Two freehold blocks of farm land in Opotiki, suitable for forestry carbon farming or apiaries, are for sale.
The two blocks, at 185B Gaskill Rd, cover 75.6ha and have been used for mixed grazing.
Subdivided from a larger farm, the first 36.9ha block is a mix of flat and easy rolling hills and steeper land. It is divided into nine paddocks with post and wire fencing.
The second 38.7ha block is predominantly hill country covered in regenerating manuka. It has some post and wire fencing but no boundary fencing.
Subdivision of the two blocks is expected to take about six months before new titles are issued.
Meantime, the two are being marketed as one whole block or two individual blocks by Bayleys Whakatane salesperson Rhys Mischefski for sale by tender, with tenders closing on August 22.
Mischefski said a small stream runs through the first block, although there is no running water or services. The regenerated manuka on the second block is about 30-years-old. "It has thrived in Opotiki's mild coastal climate," he said.
A small quarry on the farm is used only for tracks. "Both blocks are well tracked and have good access through the neighbouring dairy farm.
"They will appeal to a variety of buyers, as a grazing support block,, a manuka block for honey production, forestry or carbon farming. "Seventeen beehives are on the manuka trees and the honey producing plantation could be extended over the entire two blocks," he said.
The global craze for manuka honey, highly valued for its medicinal properties, has created a gold rush in rural areas.
In 2017, a record haul of nearly 20,000 tonnes of honey was produced, a 15 per cent increase on 2016. Nine years ago the top price for bulk manuka honey was $37.50/kg, now it can command more than $100/kg.
The manuka tree grows only in New Zealand and 20ha is considered the minimum size for a viable commercial plantation, with a recommended planting rate of 1100 plants per hectare.
But planting manuka for honey production is a long-term investment. It begins flowering in years four and five, but it takes a further six years to reach full production. In the best case scenario manuka could yield a return of $4300 a hectare, and some experts predict it could become a $1.2 billion a year industry by 2028.

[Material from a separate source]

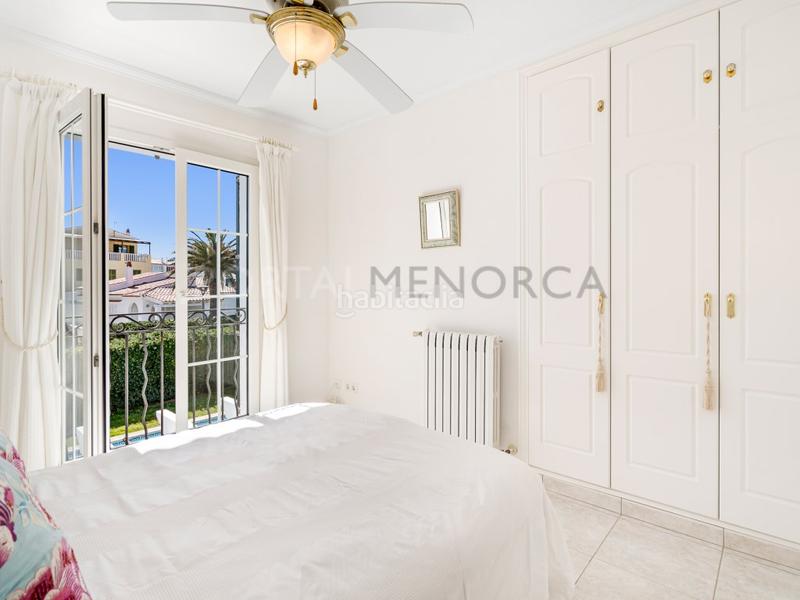 Foto e1fee698-537a-46df-bd5e-baf989e59b7d. Xalet amb calefacció aparcament piscina a Port d´Addaia Es Mercadal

Mischefski said the production of manuka honey, along with programmes such as New Zealand's emissions trading scheme are providing economic incentives to land owners who let their land revert to native cover.
"The two blocks of land for sale do not have any carbon credits attached to them, but forestry farming for carbon credits is now a viable option and interest is high from farmers, land owners and international corporations needing carbon offsets for their businesses."
In New Zealand, the first forest carbon transactions took place in 2009 following the NZ Emissions Trading Scheme (ETS) legislation.
The principle behind carbon forestry is that, by photosynthesis, a growing tree absorbs and converts CO2 from the atmosphere into carbon in the form of wood. The CO2 stored each year in the tree can be calculated and sold in units equivalent to tonnes of CO2 — a carbon credit.